Perundingan seperti ini ditunggu banyak pihak, terutama negara-negara importir gandum dunia, termasuk Indonesia dan negara di Afrika. Sejak invasi Rusia ke Ukraina, harga bahan pangan dunia melonjak.
Oleh
MAHDI MUHAMMAD
·4 menit baca
ANKARA, RABU — Delegasi Rusia dan Ukraina, difasilitasi Pemerintah Turki dan Perserikatan Bangsa-Bangsa, berunding untuk membuka kemungkinan ekspor produk pertanian, terutama biji-bijian, Ukraina yang tengah dilanda perang. Sampai saat ini belum ada tanda-tanda perang akan berakhir. Situasi ini menghalangi ekspor 22 juta ton gandum milik petani Ukraina ke pasar global dan potensi 50 juta ton yang akan dipanen sepanjang tahun 2022.
Menteri Pertahanan Turki Hulusi Akar, dikutip dari kantor berita Anadolu, Selasa (12/7/2022), mengatakan, pertemuan melibatkan delegasi militer dari tiga negara dan PBB. Fokus yang ingin dicapai dalam pertemuan, kata Akar, adalah pengiriman produk pertanian Ukraina yang saat ini menumpuk di berbagai tempat penyimpanan dengan aman ke pasar internasional.

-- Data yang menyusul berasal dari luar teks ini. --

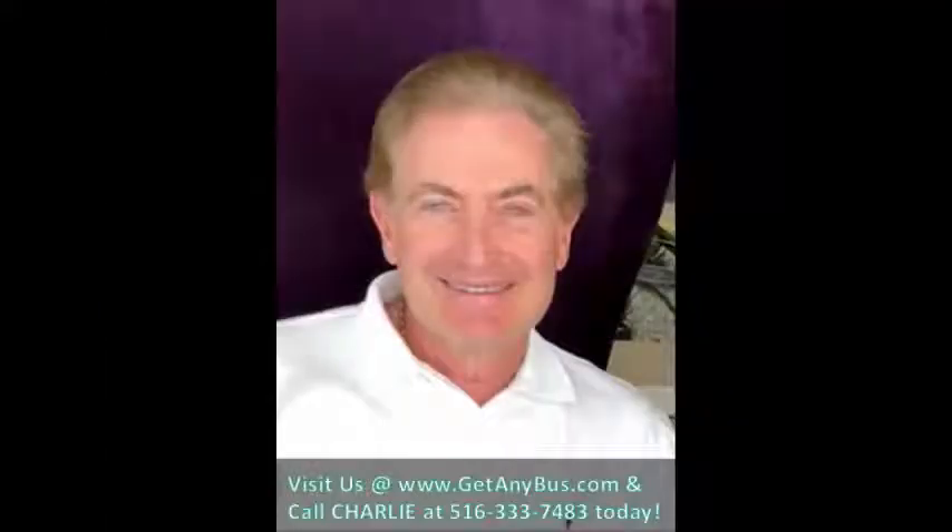For more information on this fully reconditioned used shuttle bus for sale, visit www.getanybus.com and call Charlie at 516-333-7483 today.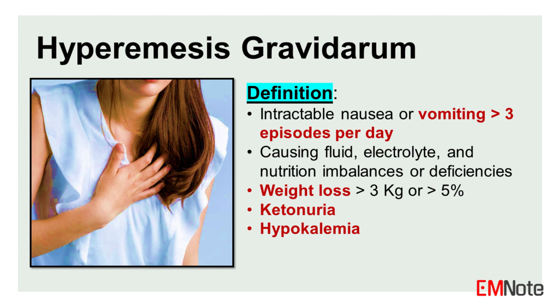Hyperemesis gravidarum is a condition characterized by intractable nausea and vomiting, leading to fluid, electrolyte, and acid-base imbalances, as well as nutrition deficiency and significant weight loss during early pregnancy.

Perundingan seperti ini ditunggu banyak pihak, terutama negara-negara importir gandum dunia, termasuk Indonesia dan negara di Afrika. Akibat agresi Rusia ke Ukraina yang dimulai pada 24 Februari 2022, harga bahan pangan dunia melonjak dan menimbulkan potensi bencana kelaparan di negara-negara yang tengah berkonflik, terutama di Afrika.
Sekretaris Jenderal PBB Antonio Guterres sejak awal mendorong dibukanya kemungkinan ekspor gandum Ukraina. Namun, ia memilih bersikap realistis terhadap kemungkinan terjadinya kesepakatan pada perundingan itu. ”Kami bekerja keras, tetapi masih ada jalan yang harus ditempuh,” kata Guterres.

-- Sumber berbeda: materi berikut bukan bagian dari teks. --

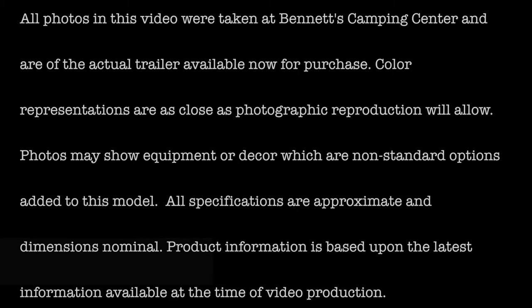All photos in this video were taken at Bennett's Camping Center and are of the actual trailer available now for purchase. Color representations are as close as photographic reproduction will allow. Photos may show equipment or decor which are non-standard options added to this model. All specifications are approximate and dimensions nominal. Product information is based upon the latest information available at the time of video production.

Negosiasi menjadi rumit dengan meningkatnya kecurigaan bahwa Rusia sedang mencoba untuk mengekspor biji-bijian yang telah diambil dari petani Ukraina di daerah-daerah yang didudukinya selama invasi, sejak Februari hingga saat ini. Kecurigaan itu muncul setelah otoritas Turki menahan kapal logistik Zhibek Zholy milik Rusia yang diduga membawa gandum milik Ukraina, yang berangkat dari Pelabuhan Berdyansk.
Data Badan Penerbangan dan Antariksa AS (NASA) yang dirilis pekan lalu memperlihatkan 22 persen lahan pertanian Ukraina di bawah kendali militer Rusia.
PBB pernah mengusulkan agar kapal-kapal pengangkut gandum Ukraina membawa produk pertanian itu mengikuti koridor aman yang dibangun untuk menghindari jebakan ranjau laut di sekitar Laut Hitam. Namun, hal itu tidak mendapat respons cukup baik dari Kremlin maupun Kyiv. Tidak hanya itu, penghilangan ranjau di sekitar Laut Hitam adalah operasi pembersihan yang rumit dan membutuhkan waktu lama. Itu dinilai tidak cukup efektif untuk mengurangi tekanan pada harga pangan dunia yang terus melonjak.
Selain itu, Rusia mengajukan syarat agar militer bisa menggeledah setiap kapal yang hilir mudik dari dan ke pelabuhan-pelabuhan Ukraina. Alasannya, menutup peluang untuk penyelundupan persenjataan bagi Kyiv. Syarat itu ditolak Presiden Ukraina Volodymyr Zelenskyy.
Sebelum invasi Rusia, Ukraina mengekspor 6 juta-7 juta ton produk biji-bijian ke pasar dunia. Biasanya, menurut data Asosiasi Biji-bijian Ukraina, 30 persen produk biji-bijian Ukraina dikirim ke Eropa, 30 persen ke Afrika utara, dan sekitar 40 persen ke Asia. Namun, berdasarkan data Juni lalu, ekspor merosot menjadi hanya 2,2 juta ton.
Jalur alternatif
Agar produk biji-bijian Ukraina tetap bisa dikirim ke pasar internasional, Kyiv terus mengupayakan jalur alternatif pengiriman melalui Sungai Danube yang terletak di barat daya Ukraina. Sebanyak 30 persen ekspor biji-bijian Ukraina dilakukan melalui jalur ini.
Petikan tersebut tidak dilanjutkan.